**DATASET CONTENT**

____________________

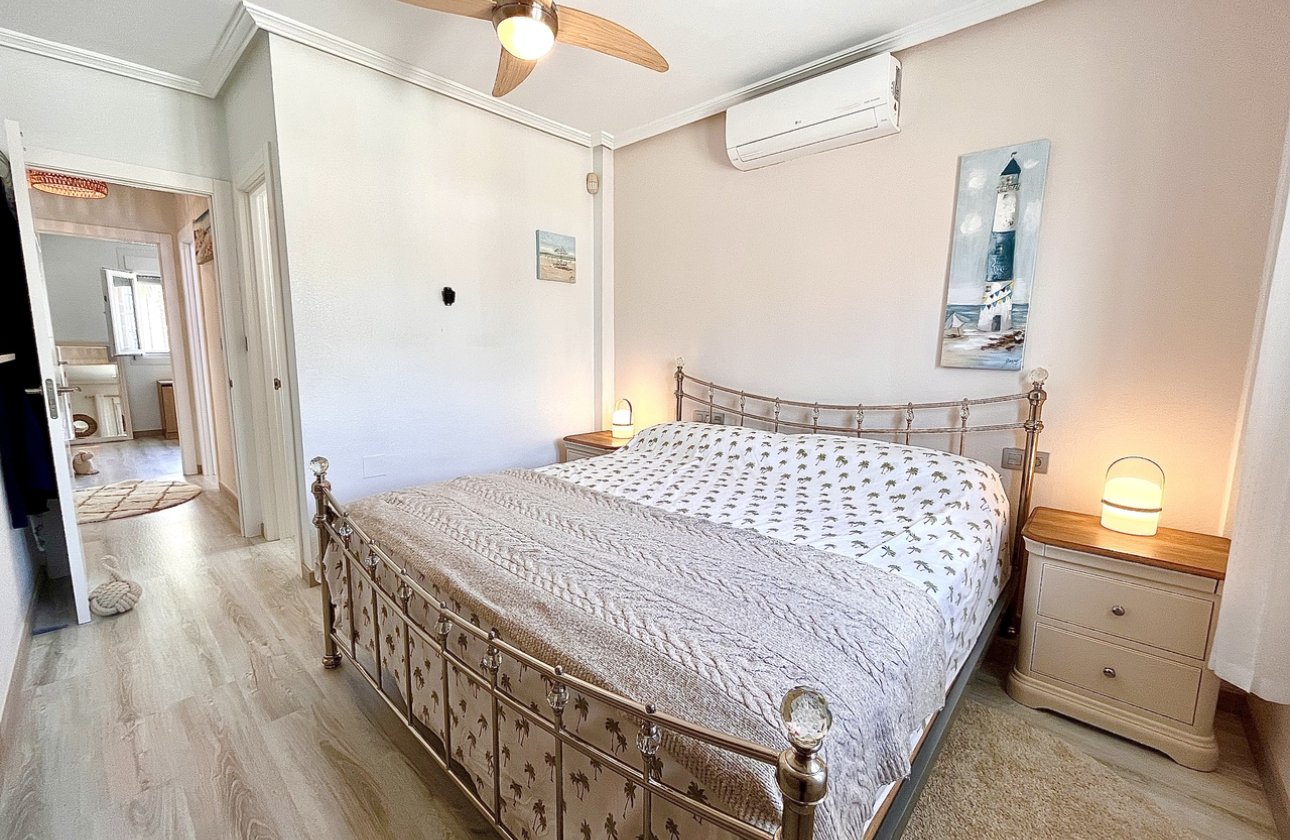 Revente - Villa - Cabo Roig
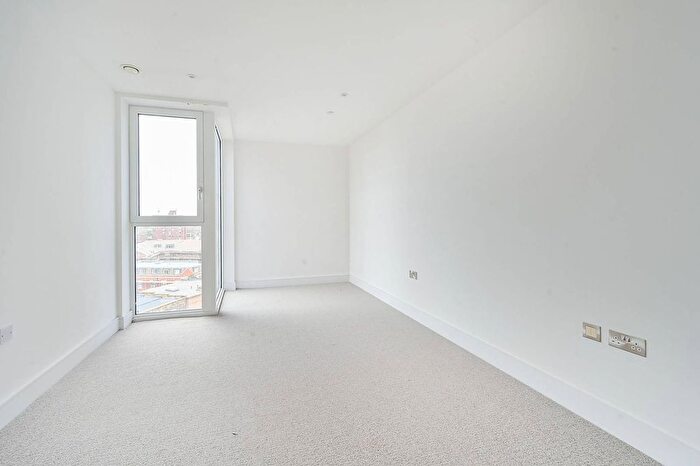 1 Bedroom Flat To Rent In Talisker House, Acton, London, W3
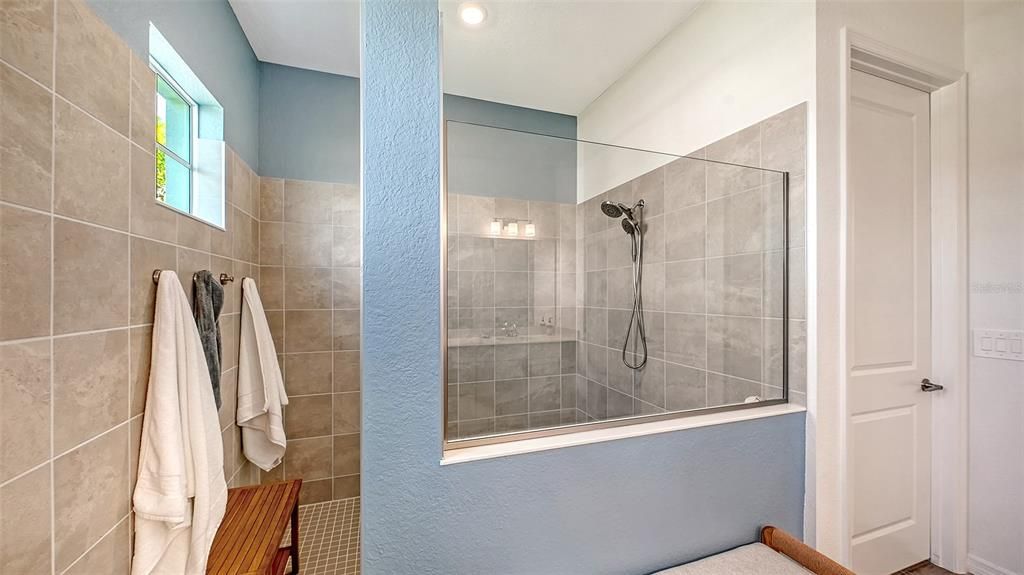 For Rent: $11,500 (3 beds, 3 baths, 2650 Square Feet)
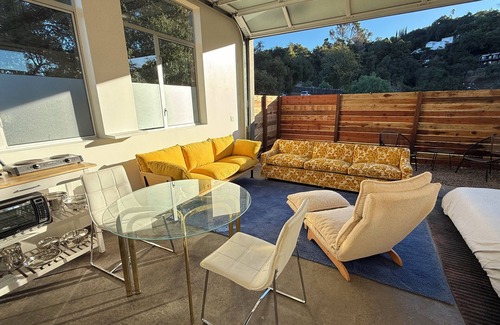 Topanga Apartment | Heart of Topanga Sunrise Studio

____________________

**TASK TO CARRY OUT**
The answer must be the full listing retyped exactly, with no pictures in it.

**YOUR RESPONSE**
 Revente - Villa - Cabo Roig
 1 Bedroom Flat To Rent In Talisker House, Acton, London, W3
 For Rent: $11,500 (3 beds, 3 baths, 2650 Square Feet)
 Topanga Apartment | Heart of Topanga Sunrise Studio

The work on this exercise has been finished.